The task: Set down each line of the records once more, precisely, and omit the pictures.

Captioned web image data
____
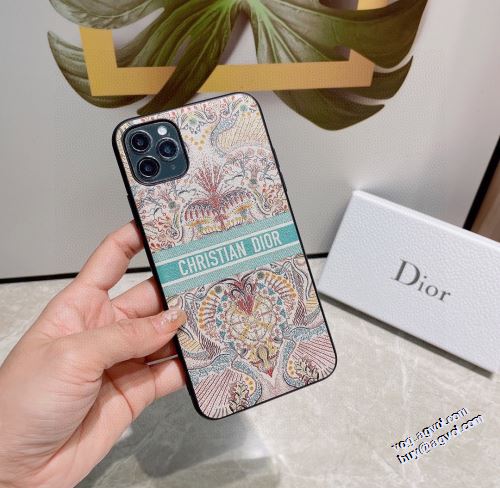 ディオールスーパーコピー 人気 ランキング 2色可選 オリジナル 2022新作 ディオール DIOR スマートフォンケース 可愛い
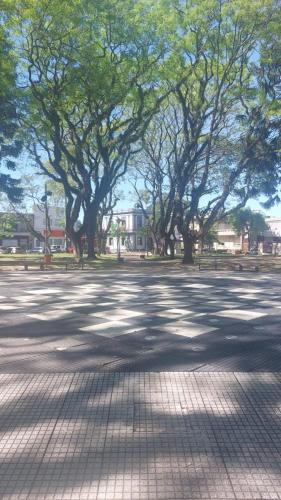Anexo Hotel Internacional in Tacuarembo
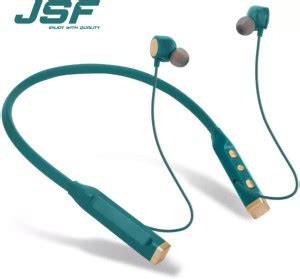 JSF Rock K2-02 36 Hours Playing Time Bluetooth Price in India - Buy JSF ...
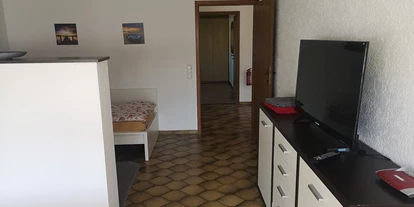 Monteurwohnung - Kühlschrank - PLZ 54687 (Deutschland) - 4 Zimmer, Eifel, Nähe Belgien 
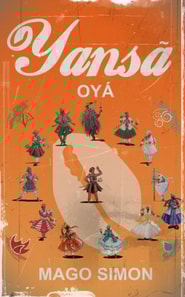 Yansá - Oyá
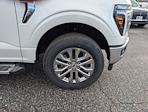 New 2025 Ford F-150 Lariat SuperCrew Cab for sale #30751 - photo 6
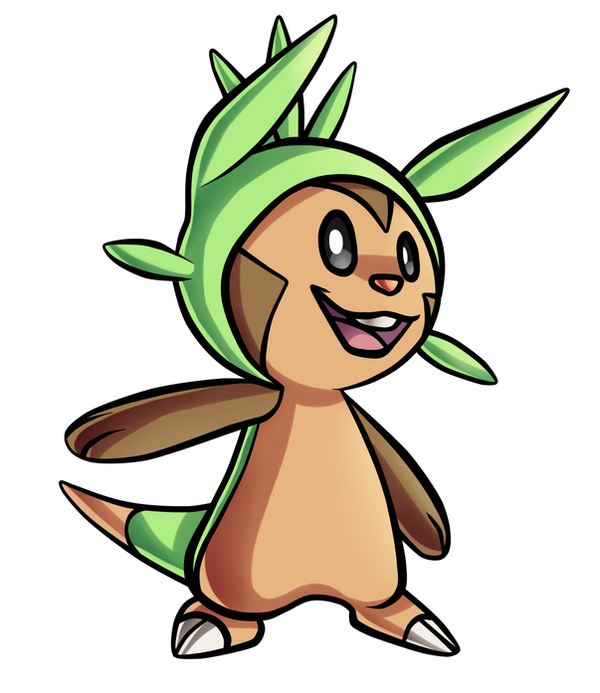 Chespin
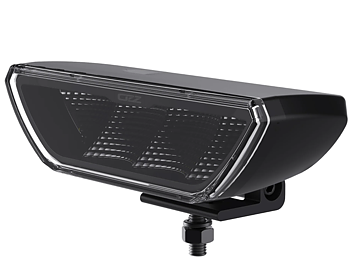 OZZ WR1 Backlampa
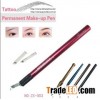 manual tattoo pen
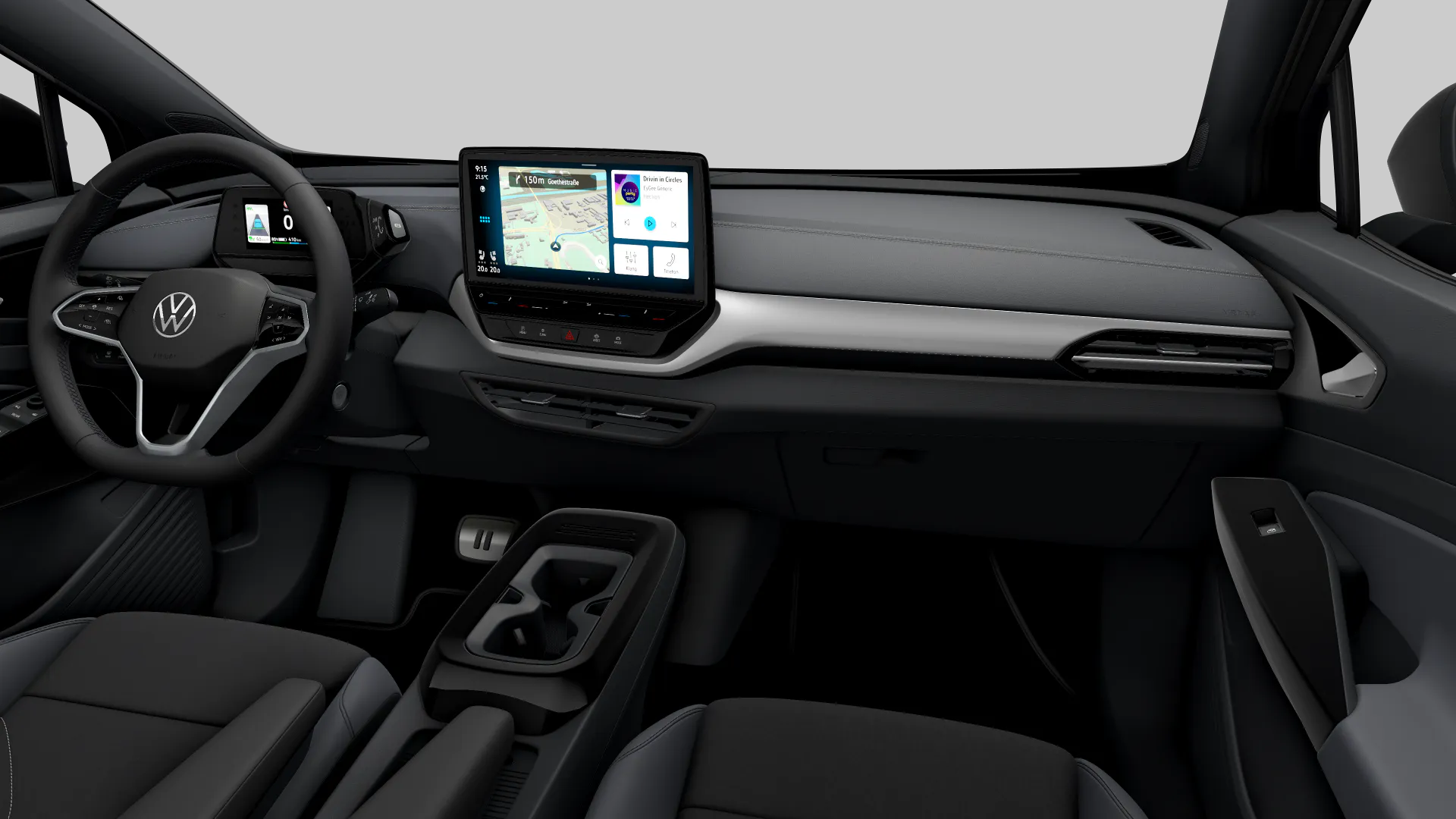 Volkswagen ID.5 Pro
____
Result of the exercise:
 ディオールスーパーコピー 人気 ランキング 2色可選 オリジナル 2022新作 ディオール DIOR スマートフォンケース 可愛い
Anexo Hotel Internacional in Tacuarembo
 JSF Rock K2-02 36 Hours Playing Time Bluetooth Price in India - Buy JSF ...
 Monteurwohnung - Kühlschrank - PLZ 54687 (Deutschland) - 4 Zimmer, Eifel, Nähe Belgien 
 Yansá - Oyá
 New 2025 Ford F-150 Lariat SuperCrew Cab for sale #30751 - photo 6
 Chespin
 OZZ WR1 Backlampa
 manual tattoo pen
 Volkswagen ID.5 Pro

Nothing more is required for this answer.